While preparing my primary desktop for adventures wth MacOS I had to change my SATA setting from IDE to AHCI.  Should have done that when I installed Windows in the first place, since AHCI performs better – but didn’t know that then.

Anyhow, just changing that in BIOS will cause your Windows environment to crash from lack of it starting the AHCI driver.  There is some vodoo magic one can do with regedit to fix this after the fact, but my attempt at doing so broke my install.

So… last night I reinstalled Windows 7 from scratch and then used my friendly Windows Home Server to restore my missing files.  That went ok, its a simple drag and drop, but I was missing all my application data (things like all my Thunderbird accounts).  Played some more and found the hidden files needed to restore those and others (thank goodness), but when I was done the system was still “funky”.  I found old versions of windows installed which could not be removed (“no longer at same location”), and what was really weird:  I couldn’t open “My Computer” or “Recycle Bin” or any of the pictures on my desktop.  I could open Excel files, Acrobat files, and many other things.

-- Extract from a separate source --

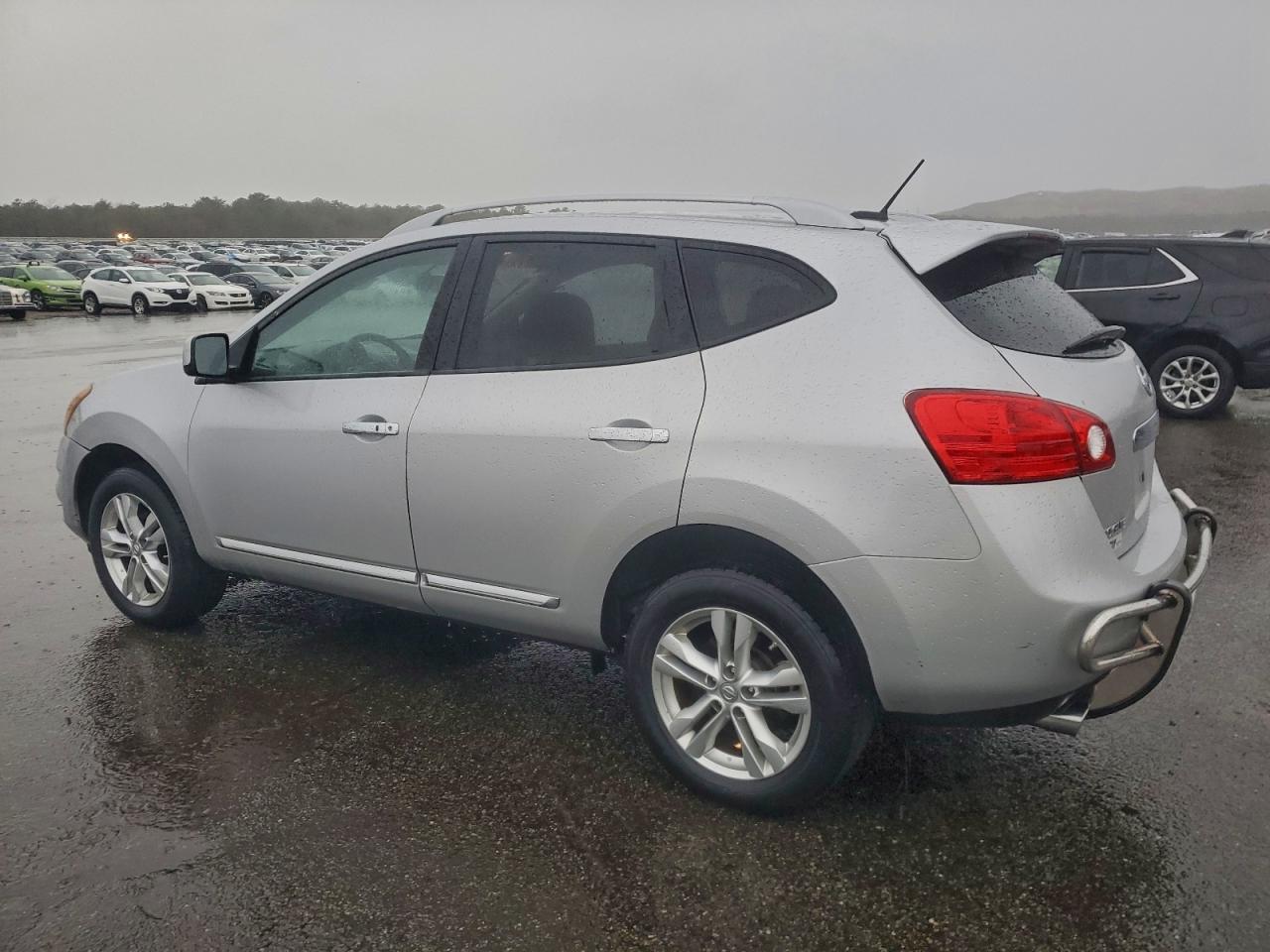 2013 NISSAN ROGUE S photo 2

While researching how to get around that, I came across an article on using Windows Home Server to restore and entire computer.  I had a great recent backup, so started down the adventure of trying this.  Finding and burning the current CD from Microsoft was straight forward.  When I booted it, it found my NIC and hard drives, but could not find my Home Server.  More googling suggested all types of weird things like changing the case of the server name, none of which worked.  One post indicated he installed a different NIC in his machine and all was well.  Others talked about loading the most recent disk and nic drivers on a USB thumb drive, and that the restore CD would scan and load the drivers.  The last sounded reasonable, so I loaded both the motherboard and NIC drivers straight from the motherboard manufactures web site onto my USB thumb drive.  Rebooted the restore CD, asked it to scan for drivers, and it did so, found some, and I thought all was well.  Alas, it still could not find the Home Server.

Having a bunch of computers at the house I keep a couple of spare NICs just in case.  It was time to unwrap one.  Did so, installed in the desktop, and tried the restore CD again.  No joy, it didn’t detect the new NIC.  Added the drivers from the CD to the USB thumb drive and tried again.  Booted the restore CD, told it to scan, and it found the new NIC.  Better yet, it quickly found the Home Server!

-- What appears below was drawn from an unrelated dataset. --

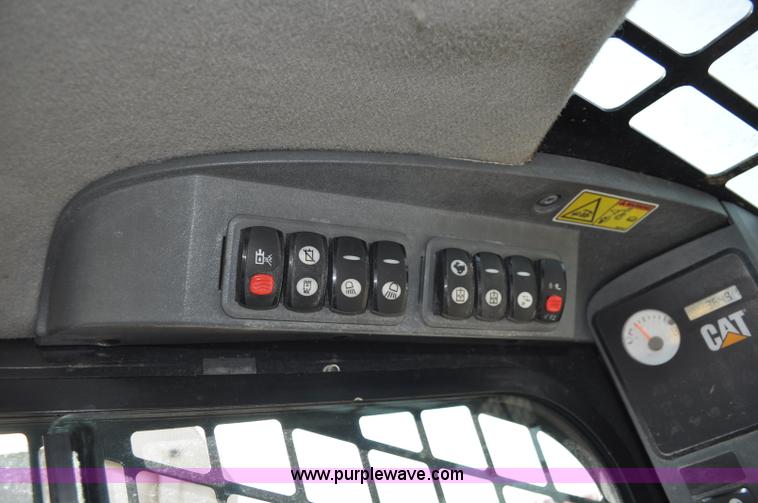 image for item F2099 2013 Caterpillar 246C skid steer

I’m reformatting the hard drive just to make sure everythign is clean as I key in this post, but I have high hopes.

Update:  The restore worked perfecting, taking just a bit less time than the format itself.  This placed the system back in “pre-AHCI” mode.  I took another look in the web and found that there were (2) registry entries I needed to change.  Did that and everything booted like a charm.

I now feel VERY good about having invested the time to place a Windows Home Server on my network.  Highly recommended if you have several Windows boxes or just want to have a nice way to recover one and provide yourself daily file restore capability on the side.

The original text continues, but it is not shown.